I have a host 10.1.1.10 behind my Core layer firewall trying to access an external FTP server.
On the core layer I have a policy to deny ftp traffic from inside to outside and the logs show the traffic is denied.
But on the Edge level i see one more traffic log saying allow for the same traffic. ( Edge has a rule to allow any type of traffic)
The default gateway of Core firewall is pointing towards the edge firewall.
Any help on this is much appreciated.
Please upload both "Allow"ed and "Deny"ed traffic log in thread.
That will help me to determine root cause.
If you enable packet capture on the PAN firewall, please verify, if any packet received or transmitted through PAN.
Also, you can check the real time session in the CLI by using 'show session all filter source IP_ADD_OF_THE_TESTING_PC destination IP_ADD_OF_THE_DESTINATION'.
> If there is a session exist for the same traffic, then please apply CLI command PAN> show session id XYZ >>>>>>>> to get detailed information about that session, i.e NAT rule, security rule, ingress/egress interface etc.
Hope this helps.
If you enable packetcaptures you'll likely see that the edge firewall is receiving a tcp handshake (and is logging an accept action for that)
On your core firewall you are blocking based on application, but that application can only be determined after several packets have passed through that allow the forewall to positively identify ftp.

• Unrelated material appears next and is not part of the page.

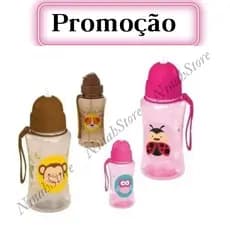 Squeeze Infantil Com Alça Tampa Antivazamento Canudo Silicone 400ml Joaninha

In this case the tcp handshake will need to be allowed through before the first ftp packet is seen, identified and denied. by that time the edge firewall has also seen the handshake and has a session open pending the next packet, which will never arrive as the core firewall blocked it.
If you want a more strikt policy you can add service ports to your security policy which will block traffic before it requires identification. setting a block policy for port 21 will block normal ftp from the very first packet. on the other hand, using only the service port will not block an application if it is running on a different port (hence the power of appID), buit will require some packets (tcp handshake) to be trickled through for the process to function properly
hope this helps
Agree with what tpiens had to say. Also wanted to mention that there are users who try to use application default service in the security policy blocking FTP traffic so that traffic only on tcp port 21 is blocked. But this is not recommended. If you are trying to block FTP traffic, it is better to block on all service ports instead of default ports only.
I was thinking about the same to determine the application palo alto needs several packets to understand the behaviour.
But the same thing is not happening for other tcp traffic like http and https and we have verified this.
Also just in case if there are 2 contexts of firewalls used for 2 different companies then seeing one firewall log on the other is a serious concern.
Support team isn't able to help me in this as well.
Please follow the logs from bottom to top
The host 172.17 is inside the core network and is being denied by the Core firewall.
The same traffic is reaching the Edge firewall and is being allowed according to a rule configured on the Edge firewall basically permitting ftp access outside.
Any help on this?
Are you expecting that the traffic will never reach the Edge firewall because of the deny policy on the Core, and therefore you should not even see a session on the Edge?
Are the Core and Edge firewalls different vsys on the same physical device?
There is 40 second delay between similar traffic logs. If traffic log was generated because of same packet than log should have been generated immediately.